春季キャンプで河野のピッチングを見守る長嶋監督


 長嶋巨人は首位に最大11.5ゲーム差離されるも、夏場の驚異的な追い上げで逆転優勝。ユーキャン新語・流行語大賞の年間大賞に長嶋語録の「メークドラマ」が選出されたが、その立役者のひとりは、後半戦だけで6勝3セーブを挙げた河野だった。「最後まで充実した気持ちで野球をやれる。巨人に来て良かった」と激動の1年を振り返ったが、実は春先は巨人のあまりのマスコミやファンの数に圧倒され、新しい環境に馴染めないでいた。そんな背番号40に救いの手を差し伸べたのは、同じ四国出身の水野雄仁である。水野の兄が河野と駒大同期生だった縁もあり、行動をともにしてチームに溶け込む手助けをしたのだ。水野はこの年限りで巨人を退団することになるが、河野は「本当にありがたかった」と気遣いに感謝し続けたという。

盗難騒ぎにも“らしい”コメント


 一躍、全国区となったゲンちゃんの移籍1年目は39試合で6勝1敗3セーブ、防御率3.29。テレビ視聴率43.1%を記録した日本シリーズ第1戦ではオリックスイチローに決勝アーチを浴びたが、この年からセ・リーグに新設の「最優秀中継ぎ投手賞」を獲得して、副賞の海外旅行と賞金50万円が贈られた。

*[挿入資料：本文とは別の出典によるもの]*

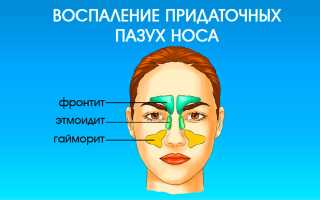 Лучшие назальные препараты в аэрозольной форме с антибиотиками для здоровья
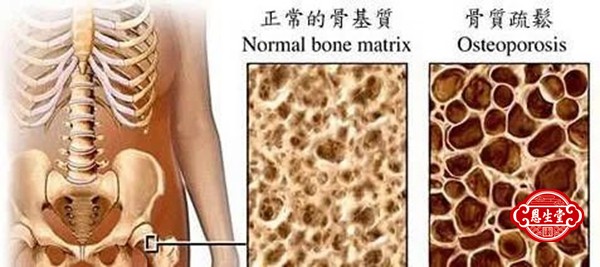 骨质疏松 (7)13.jpg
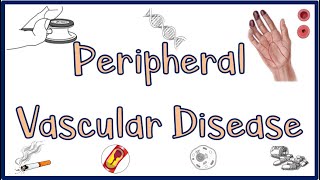 Peripheral Vascular DiseasePVD Causes Signs amp Symptoms Diagnosis ampTreatment [upl. by Eiryt]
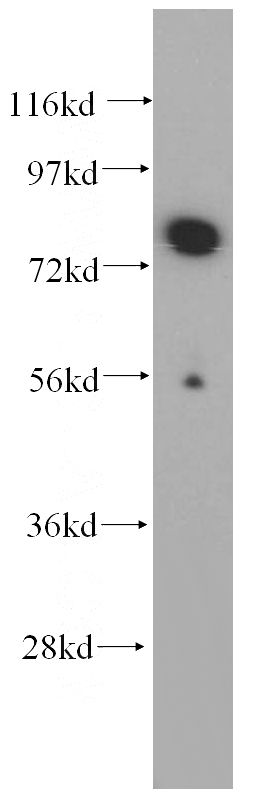 Jurkat cells were subjected to SDS PAGE followed by western blot with Catalog No:116869(WDR46 antibody) at dilution of 1:400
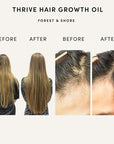 Forest & Shore Hair Growth Oil, 100% Natural, with Caffeine, Biotin, Castor , Argan & Rosemary, Effective Serum for Damaged Hair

 翌97年の年明けには、フィリピン自主トレ中に成田空港に預けていた愛車のベンツ500SLの盗難騒ぎに巻き込まれるが、直後の週べ名物コーナー「GUEST ROOM」で、「あの車は普通の車よりセキュリティーがしっかりしていて、盗むのは並大抵ではありません。合鍵では動かないはずなんですよね。それを簡単に動かしてしまうのは、こう言ったら変ですが、すごいですよね」なんて感心しちゃう人の良いゲンちゃんであった。

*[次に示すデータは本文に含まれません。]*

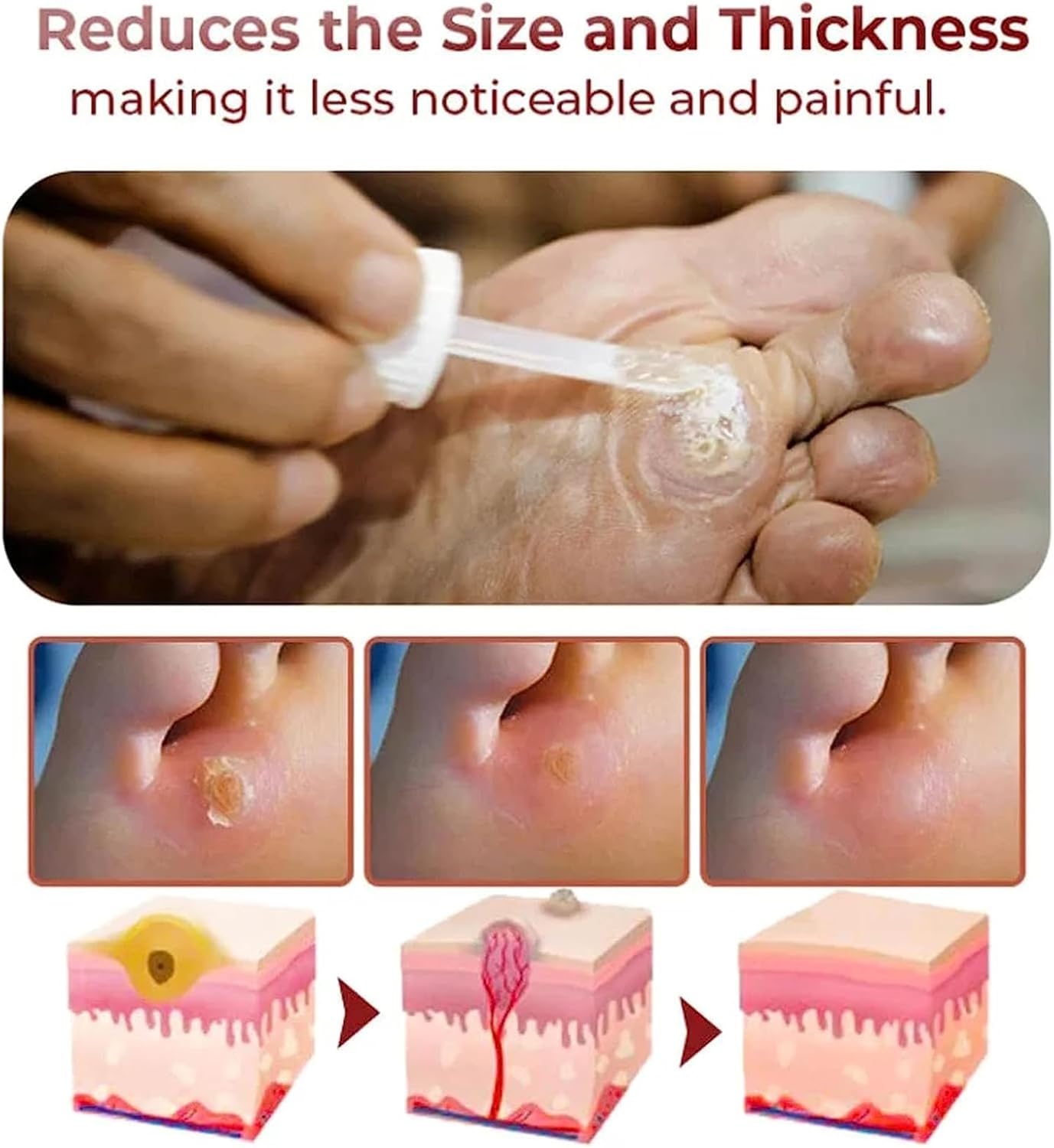 Feet Corn Removal Serum (Pack of 2) | Foot Corn Treatment Corn Healing Feet Corn Removal Serum (Pack of 2)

 巨人時代は4シーズンで108登板したが、先発機会はなし。これと決めたら、愚直に中継ぎ稼業に専念して生きてみせる。それが河野博文という投手の魅力でもあった。99年オフに巨人から戦力外通告を受け、37歳でロッテへテスト入団するも、左ヒザの故障もあり、翌2000年限りで16年間の選手生活を終えた。

 引退後は、群馬県前橋市で玉ねぎ農家に転身。2016年には、その無農薬玉ねぎを使用した漬物が農林水産大臣賞に輝いた。なお、「げんちゃん玉ねぎ」は長嶋監督も購入したという。